Anyhow, Stebbins called on Kim who explained that a hair-ball would be in the first stomach of an ox, not the fourth, and that Jim the Nigger, or Mark Twain, had counted backward.

“Ain’t no hair-balls in no cows,” Charlotte insisted.

Stebbins took a shot at directing the discussion back to theme and character development. “Let’s leave hair-balls for the moment—”

“We haven’t decided about them yet,” Charlotte said.

“—and go on to Twain’s brilliant use of Negro dialect.” I’m not even sure Stebbins had read the book.
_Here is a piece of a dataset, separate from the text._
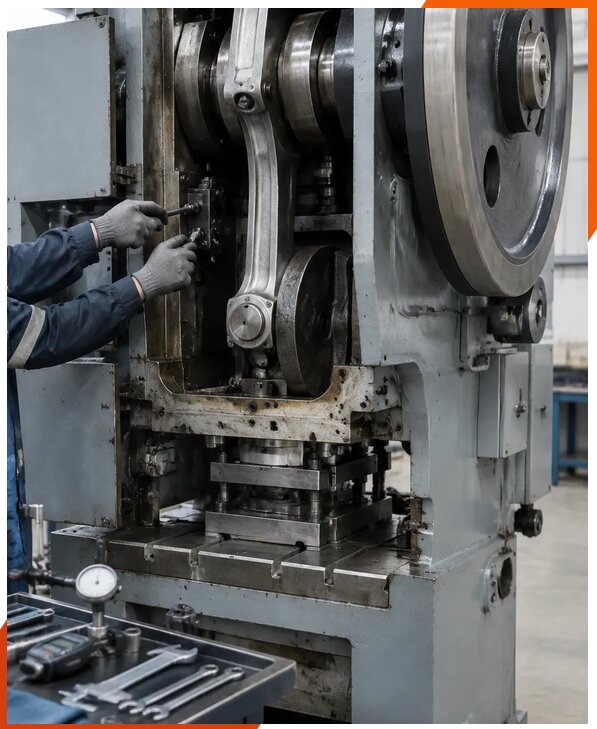 Ремонт кривошипных прессов в Старой Руссе от 15285 р. | ЮнионикРу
That “brilliant use of Negro dialect” smacked of the Classic Comics introduction.

“Maurey,” Stebbins asked the Nazi girl. That was her name— Maurey. As in the record-setting base stealer for the Dodgers. “Maurey, what did you think of the way the character spoke?”

Maurey sniffed like the question was beneath her dignity. She was wearing a blue fuzzy thing and her hair came down more on one side than the other, the Jackie Kennedy look. “Nobody really talks that way.”

“Why do you think Twain wrote the dialogue in dialect if no one talks like that?”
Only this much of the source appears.